I don't even understand the logic of not wanting to use the meter. In basically every device I can think of its even in the same unit. In a 467/490 (probably others) you literally have to skip over the test function to hit restore function lol. If your meter is no good or inaccurate then - yes obviously repair or replace. Same would apply to any electronic measure device though: voltmeter, ohm meter, esr meter, whatever. The emissions test is an electronic measurement same as the others. It's basic math, there's not a lot of wiggle room for guess work. To say you guys are eyeballing how many microamp the cathode is going to draw on a non running tube is absurd...there's just no way. If you are basing your judgement on how the tube is displaying an image than that is also (semi) wrong... anytime you are displaying an image there are many other chassis components that are also causing variation (pots,caps, etc). It's not an accurate representation of the bare tube health which is what you are trying to test.
I can't guess what the ESR value of a cap is just by looking at it (without a meter).
I can't guess what the 5v rail of a psu is outputting just by looking at it (without a meter).

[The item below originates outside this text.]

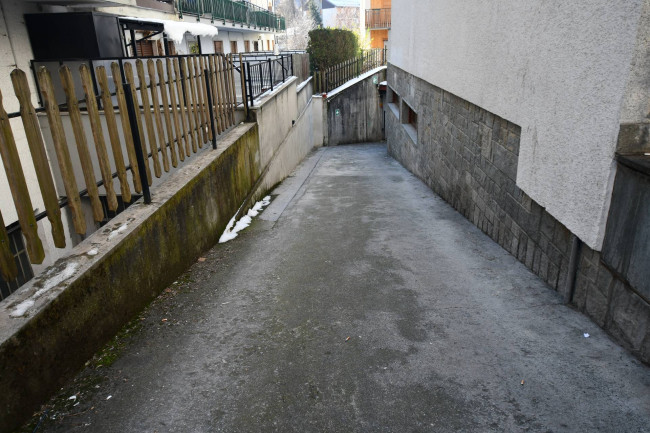 Box o garage in Vendita a Bardonecchia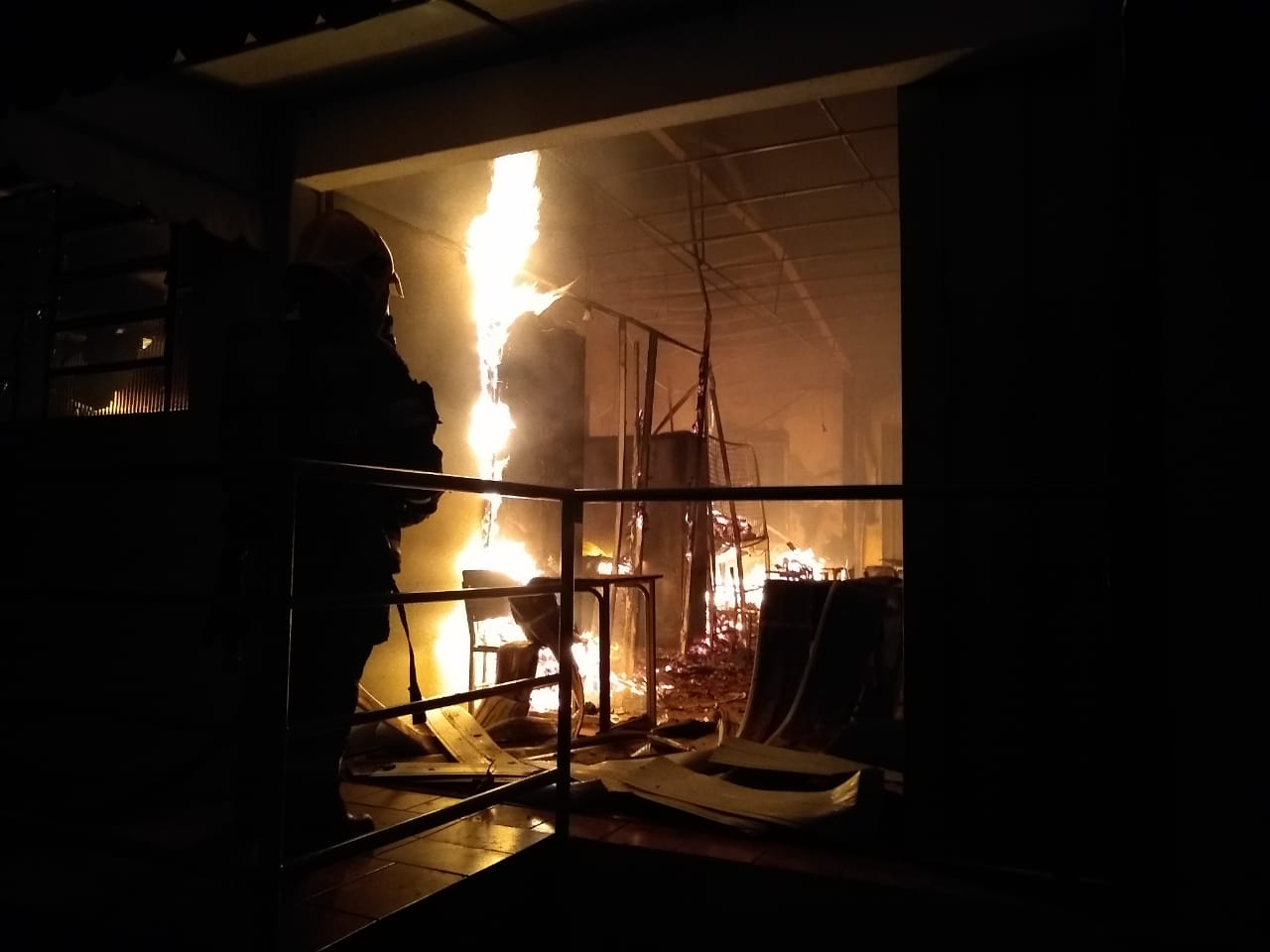 Segundo os Bombeiros, o incêndio provocou danos na estrutura do prédio, mas ninguém se feriu (Foto: Divulgação / Bombeiros)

I can't guess what the emissions level of the green cathode inside a vacuum tube is just by looking at it (without a meter).
Neither can any of you.
Does anyone have a valid reason why they aren't using the meter designed specifically to show them what they are trying to guess? ...other than "sometimes it just works"
. Out of all the tube I have hooked up I can't think of any time the tube has shown something working (or not working) that the meter hasn't been able to read... emissions, cuts, tracking, shorts, have all been accurate from my experience... There's really no other function of the tube. If your meters are garbage get a new one but don't give bad advice to just not use it.